Pages

5 Rabiul Awal … (45 Menit yang Tersisa!)



Allahumma sholli ’ala muhammad wa’ala sayyidina muhammad, Shalawat atasmu kekasih Tuhanku, semoga Kejayaan Islam berpendar sepanjang masa kekal hingga akhirat!

Seminggu lagi, kita akan memperingati hari kelahiran Rasulullah, 12 Rabiul Awwal, dan di bulan ini juga, tepat tanggal 5 Rabiul Awal setengah umur manusia telah aku lewati, senangnya hatiku ketika aku tahu lahir pada bulan yang sama dengan Rasulullah, semoga bisa menjadi pengikutnya yang hanif, dan berharap memperoleh syafaatnya kelak di hari tiada lagi penolong.

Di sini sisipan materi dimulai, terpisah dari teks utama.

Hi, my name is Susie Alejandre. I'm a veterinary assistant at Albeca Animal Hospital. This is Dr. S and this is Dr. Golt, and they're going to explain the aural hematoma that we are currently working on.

Tidak wajar memang mengenal kapan kita dilahirkan menggunakan kalender hijriyah, kebanyakan orang mengingat hari lahirnya menggunakan penanggalan masehi, tidak salah sih karena itu yang terjadi pada umumnya. Tapi aku ingin sedikit beda kali ini menulisnya

Beruntung aku punya kakek yang pertama kali mengenalkan penanggalan hijriyah, kurang lebih delapan belas tahun kakek Abdullah menemani perjalanan umurku, masih teringat semua kenangan indah, pitutur nasehatnya, senda gurau, dan masih terlukis indah betapa aku dulu begitu manja dalam pelukan dan buaiannya.

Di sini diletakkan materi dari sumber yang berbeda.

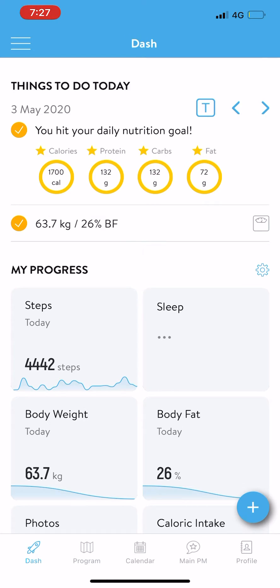What you've got to do is look down the bottom and you will see the little program button. Click on that one.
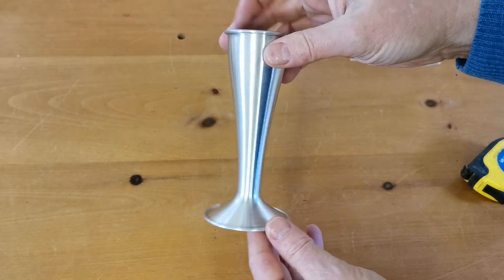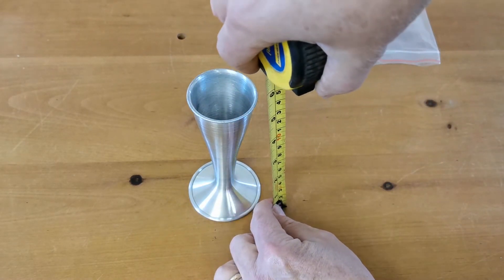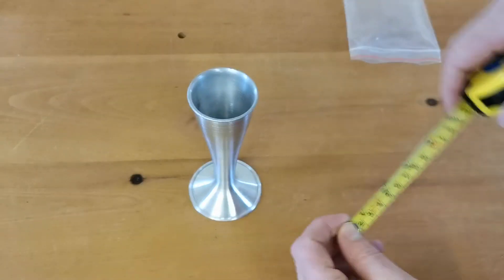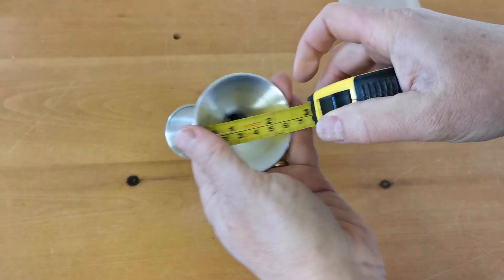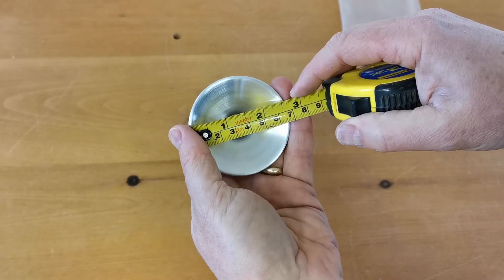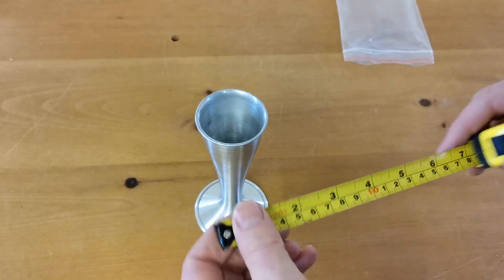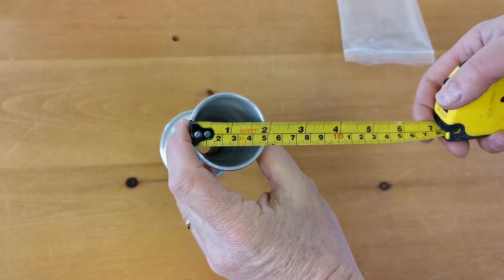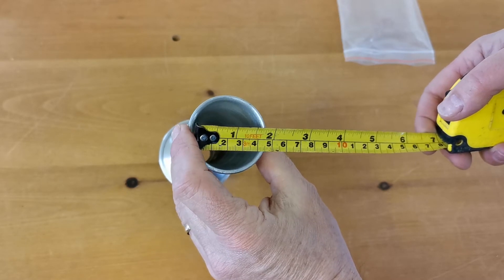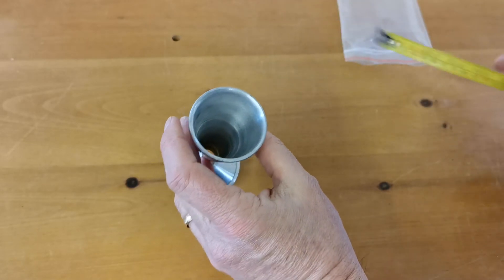The unit dimensions are 14 centimeters — five and a half inches — in total height. The trumpet end or ear end of the unit comes in at approximately six and a half centimeters, just over two and a half inches. The business end for listening, the actual diaphragm, is a two-inch outer diameter, with an inner diameter of about 1.75 inches or just under four and a half centimeters.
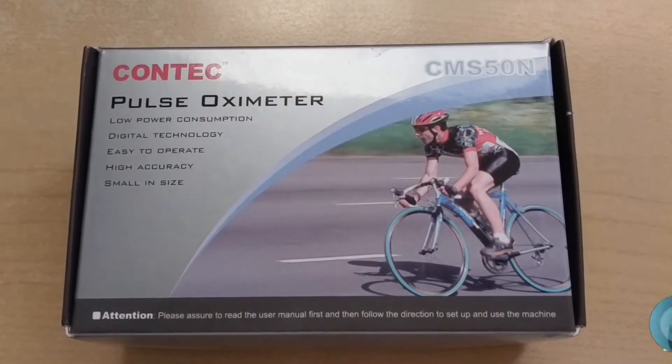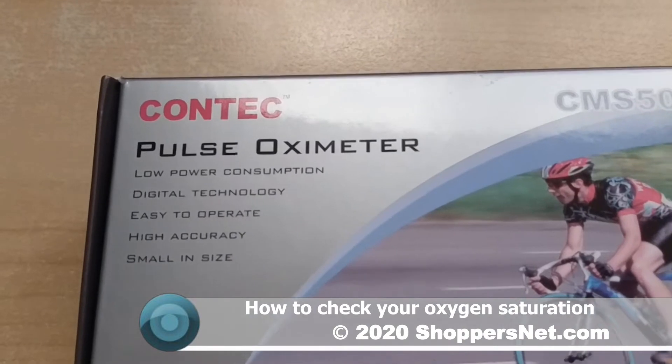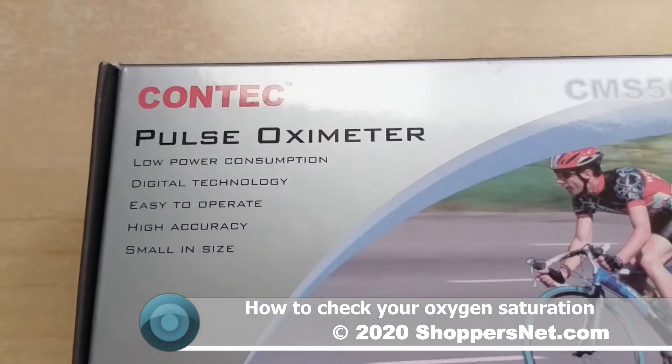Hello Shoppers and Aviators. In this video we'll be showing you how you can check your pulse oxygen saturation percentage, and here we'll be using a pulse oximeter.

Muharram, Shafar, Rabiul Awal, Rabiul Akhir, Jumadil Awal, Jumadil Akhir, Rajab, Sya’ban, Ramadhan, Syawal, Dzulqaidah, Dzulhijjah.. tuturnya mengenalkan bulan-bulan Islam kepadaku. ..

“Gula jawa (panggilan sayangku baca tulisanku ini), kau itu dilahirkan pada bulan yang sama dengan Rasulullah.. bulan ketiga dalam Islam, dimana pada bulan itu banyak peristiwa besar, dan pada bulan itu pula awalnya musim berbunga, awalnya tanaman bersemi.. semoga engkau kelak menjadi bunga yang tumbuh bercahaya meneduhkan taman surga” pitutur kakekku ketika duduk  selesai sholat magrib di surau belakang rumah.

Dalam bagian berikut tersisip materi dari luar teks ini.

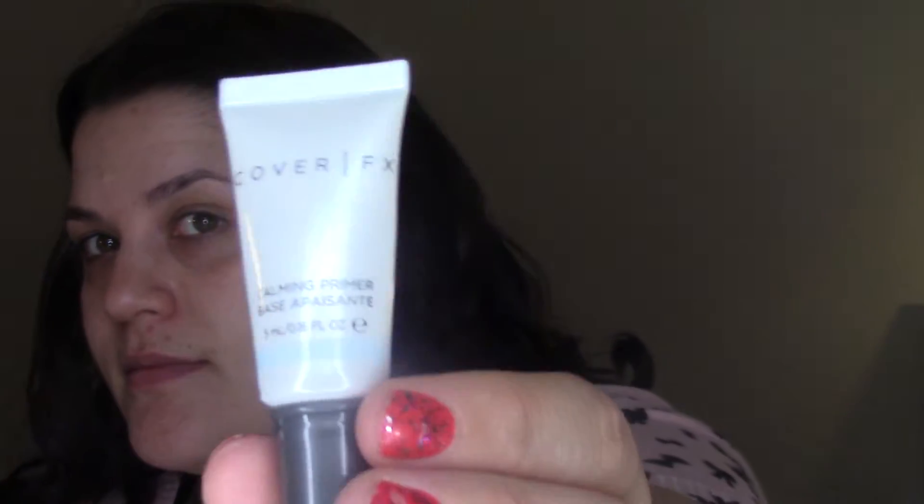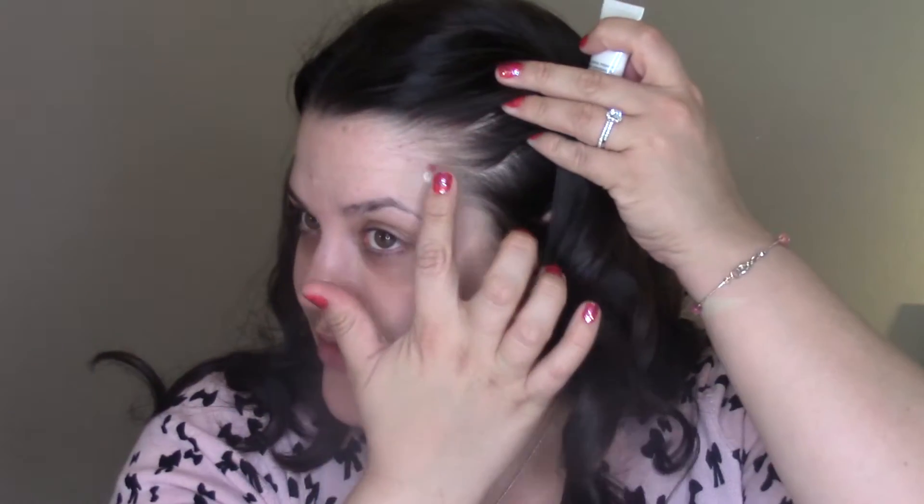They are very full coverage, so let's get started. The first thing I'm going to use is the Cover FX calming primer — I'm only applying it where I have some active stuff going on, right here. It soothes active skin and is ideal to prime skin before foundation. Then everywhere else I'm using the Benefit professional primer, mostly on my nose and cheek area.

Aku hanya tersenyum kala itu, tidak begitu mengerti apa yang dituturkan kakek, hanya bunga berkilau yang aku tahu, seperti kuncup-kuncup bunga yang mekar dipagi hari, basah oleh embun dan kemilau terterpa mentari. Ahh.. rasanya baru kemarin aku bermanja dalam pelukan dan buaianmu Kek, waktu berjalan begitu cepat, mengelupas guratan-guratan kisah antara aku dan kehidupan.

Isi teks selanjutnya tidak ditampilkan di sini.